Given a survival time $T$ with cumulative hazard $\Lambda(t)=\int_0^t \lambda(s) ds$, it
follows that \cite{}
with $E \sim Exp(1)$ (exponential with rate 1), that $\Lambda^{-1}(E)$ will have the
same distribution as $T$.

This provides the basis for simulations of survival times with a given hazard  and is 
a consequence of this simple calculation
$$
  P(\Lambda^{-1}(E) > t) = P(E > \Lambda(t)) = \exp( - \Lambda(t)) = P(T > t).
$$

Similarly if $T$ given $X$ have hazard on Cox form 
$$
  \lambda_0(t) \exp( X^T \beta)
$$
where $\beta$ is a $p$-dimensional regression coefficient and $\lambda_0(t)$ a baseline 
hazard funcion, 
then it is useful to observe also that 
$\Lambda^{-1}(E/HR)$ with $HR=\exp(X^T \beta)$ has the same distribution as $T$ given $X$. 

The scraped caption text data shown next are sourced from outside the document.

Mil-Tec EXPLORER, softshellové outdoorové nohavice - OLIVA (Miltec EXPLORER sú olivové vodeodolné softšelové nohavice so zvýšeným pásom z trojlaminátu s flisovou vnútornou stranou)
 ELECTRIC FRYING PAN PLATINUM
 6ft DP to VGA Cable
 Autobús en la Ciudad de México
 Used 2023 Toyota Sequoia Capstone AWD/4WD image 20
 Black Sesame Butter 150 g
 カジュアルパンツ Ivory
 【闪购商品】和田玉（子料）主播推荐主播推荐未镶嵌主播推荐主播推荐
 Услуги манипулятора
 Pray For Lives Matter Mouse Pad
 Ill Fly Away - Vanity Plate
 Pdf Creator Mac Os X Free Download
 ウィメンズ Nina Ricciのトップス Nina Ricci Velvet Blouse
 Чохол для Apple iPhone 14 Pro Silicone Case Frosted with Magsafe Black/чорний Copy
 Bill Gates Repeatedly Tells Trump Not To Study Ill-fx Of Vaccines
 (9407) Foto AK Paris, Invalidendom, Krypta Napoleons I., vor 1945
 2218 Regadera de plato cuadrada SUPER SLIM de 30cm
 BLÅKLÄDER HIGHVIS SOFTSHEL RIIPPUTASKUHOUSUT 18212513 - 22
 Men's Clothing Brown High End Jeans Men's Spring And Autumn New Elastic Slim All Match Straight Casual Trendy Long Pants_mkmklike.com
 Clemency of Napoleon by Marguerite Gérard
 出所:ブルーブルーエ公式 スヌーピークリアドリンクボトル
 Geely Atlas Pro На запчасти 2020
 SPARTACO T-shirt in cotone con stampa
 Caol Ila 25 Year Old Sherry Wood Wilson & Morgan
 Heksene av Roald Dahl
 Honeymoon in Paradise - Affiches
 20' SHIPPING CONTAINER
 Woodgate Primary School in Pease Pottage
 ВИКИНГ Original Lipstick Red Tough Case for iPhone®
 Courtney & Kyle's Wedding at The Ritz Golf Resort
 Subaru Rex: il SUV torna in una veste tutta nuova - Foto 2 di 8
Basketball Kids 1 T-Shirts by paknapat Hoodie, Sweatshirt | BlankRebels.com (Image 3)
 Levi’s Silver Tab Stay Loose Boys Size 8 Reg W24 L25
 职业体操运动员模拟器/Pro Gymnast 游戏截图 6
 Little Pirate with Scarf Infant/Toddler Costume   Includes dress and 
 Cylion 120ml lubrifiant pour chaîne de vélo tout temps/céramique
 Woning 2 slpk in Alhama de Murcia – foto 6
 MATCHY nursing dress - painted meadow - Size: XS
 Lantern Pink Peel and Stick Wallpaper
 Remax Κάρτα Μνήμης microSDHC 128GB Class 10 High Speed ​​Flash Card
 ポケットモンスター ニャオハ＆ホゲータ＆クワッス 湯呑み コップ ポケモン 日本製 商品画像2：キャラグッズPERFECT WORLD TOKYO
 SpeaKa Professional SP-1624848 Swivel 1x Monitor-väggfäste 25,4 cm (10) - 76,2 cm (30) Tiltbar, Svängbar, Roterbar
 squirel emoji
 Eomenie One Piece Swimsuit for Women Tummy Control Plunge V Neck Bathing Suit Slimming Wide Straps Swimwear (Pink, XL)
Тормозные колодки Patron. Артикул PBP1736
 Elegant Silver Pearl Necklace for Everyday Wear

Therefore if the inverse of the cumulative hazard can be computed we can generate survival with 
a specified hazard function. One useful observation is note that for a piecewise linear continuous
cumulative hazard on an interval $[0,\tau]$ $\Lambda_l(t)$ it is easy to compute the inverse. 

Further, we can approximate any cumulative hazard with a piecewise linear continous 
cumulative hazard and then simulate data according to this approximation. Recall that fitting
the Cox model to data will give a piecewise constant cumulative hazard and the regression coefficients so 
with these at hand we can first approximate the piecewise constant "Breslow"-estimator with a linear
upper (or lower bound) by simply connecting the values by 
straight lines. 

# Delayed entry 

If $T$ given $X$ have hazard  on Cox form 
$$
  \lambda_0(t) \exp( X^T \beta)
$$
and we wish to generate data according to this hazard for those that are alive at time $s$, that is 
draw from the distribution of $T$ given $T>s$ (all given $X$ ), then we note that  
$$
\Lambda_0^{-1}( \Lambda_0(s) + E/HR)) 
$$
with $HR=\exp(X^T \beta))$ and with $E \sim Exp(1)$ has the distributiion we are after. 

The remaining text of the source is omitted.